American computer trade magazine

CRN is an American computer publication. It was first launched as Computer Retail Week on June 7, 1982, as a magazine targeted to computer resellers. It soon after was renamed Computer Reseller News.

==History and profile==
Originally launched in 1982 and published by CMP Media of Manhasset, New York, United States, CRN was subsequently purchased by London-based United Business Media (UBM) as part of the $920 million acquisition of CMP. Computer Reseller News later changed its name to the acronym CRN and was published by franchise publishers in a number of other countries including Australia, Denmark, Germany, the Netherlands, India, Poland, Russia, the United Kingdom, and the United States. The Australian CRN was published by nextmedia for some years. the UK version of CRN was published by Incisive Media for some years after it acquired VNU Business Publications UK in 2007 and the U.S. version is published by The Channel Company which acquired UBM Channel under management buyout from UBM in 2013.

The headquarters of the magazine is in Westborough, Massachusetts. In 2009 CRNs U.S. version was recognized as a leading advertising medium for the IT industry by B2B's Media Power 50 ranking, which called it the "unrivaled leader in covering the channel".

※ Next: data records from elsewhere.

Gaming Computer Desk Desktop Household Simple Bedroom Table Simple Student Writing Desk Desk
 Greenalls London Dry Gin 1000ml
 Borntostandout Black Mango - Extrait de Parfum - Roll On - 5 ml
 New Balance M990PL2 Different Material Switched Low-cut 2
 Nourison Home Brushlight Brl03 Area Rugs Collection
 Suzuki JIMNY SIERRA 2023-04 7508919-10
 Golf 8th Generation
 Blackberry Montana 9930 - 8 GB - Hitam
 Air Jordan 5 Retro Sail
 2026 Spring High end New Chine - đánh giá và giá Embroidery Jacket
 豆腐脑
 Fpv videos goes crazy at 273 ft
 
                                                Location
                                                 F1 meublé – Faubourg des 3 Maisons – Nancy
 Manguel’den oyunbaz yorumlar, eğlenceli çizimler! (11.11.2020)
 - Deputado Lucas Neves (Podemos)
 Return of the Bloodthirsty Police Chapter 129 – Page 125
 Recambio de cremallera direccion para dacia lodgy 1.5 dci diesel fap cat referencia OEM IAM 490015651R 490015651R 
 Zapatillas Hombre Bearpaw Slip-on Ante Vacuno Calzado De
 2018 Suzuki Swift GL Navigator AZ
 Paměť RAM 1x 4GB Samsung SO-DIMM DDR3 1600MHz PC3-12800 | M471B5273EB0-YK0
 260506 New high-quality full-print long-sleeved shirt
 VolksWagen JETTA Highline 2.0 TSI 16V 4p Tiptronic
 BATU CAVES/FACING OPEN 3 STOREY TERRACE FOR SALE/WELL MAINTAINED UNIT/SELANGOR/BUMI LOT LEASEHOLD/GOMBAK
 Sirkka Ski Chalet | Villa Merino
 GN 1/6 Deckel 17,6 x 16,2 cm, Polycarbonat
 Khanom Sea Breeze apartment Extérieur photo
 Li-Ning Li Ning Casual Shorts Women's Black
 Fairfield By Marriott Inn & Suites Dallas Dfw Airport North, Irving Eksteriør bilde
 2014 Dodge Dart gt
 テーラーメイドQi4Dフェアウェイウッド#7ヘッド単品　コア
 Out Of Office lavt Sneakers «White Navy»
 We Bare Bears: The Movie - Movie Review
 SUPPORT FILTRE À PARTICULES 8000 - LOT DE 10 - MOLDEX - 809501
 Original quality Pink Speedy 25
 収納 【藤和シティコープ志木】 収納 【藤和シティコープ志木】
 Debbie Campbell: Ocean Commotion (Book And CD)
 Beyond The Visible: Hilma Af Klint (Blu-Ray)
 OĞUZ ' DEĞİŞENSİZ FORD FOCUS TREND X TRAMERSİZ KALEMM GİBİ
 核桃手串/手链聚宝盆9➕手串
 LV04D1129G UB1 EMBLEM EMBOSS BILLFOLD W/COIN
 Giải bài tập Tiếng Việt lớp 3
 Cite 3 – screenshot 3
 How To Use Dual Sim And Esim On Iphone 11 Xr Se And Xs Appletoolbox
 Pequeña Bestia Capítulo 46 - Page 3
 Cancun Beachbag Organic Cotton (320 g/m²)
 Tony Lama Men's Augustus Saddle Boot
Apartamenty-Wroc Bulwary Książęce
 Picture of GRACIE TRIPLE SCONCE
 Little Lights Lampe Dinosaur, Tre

In January 2012, the UK version of CRN launched the CRN Sales and Marketing Awards. These awards recognise and reward the achievements of high-achieving information and communications technology companies.

In April 2022, The Channel Company acquired CRN UK, Computing, and Channel Partner Insight from Incisive Media. This deal reunited the UK and US edition of CRN under common ownership.

In 2023, The Channel Company relaunched CRN Germany.

In March 2025, The Channel Company relaunched CRN Australia under an in-house management after previously licensed the brand to nextmedia.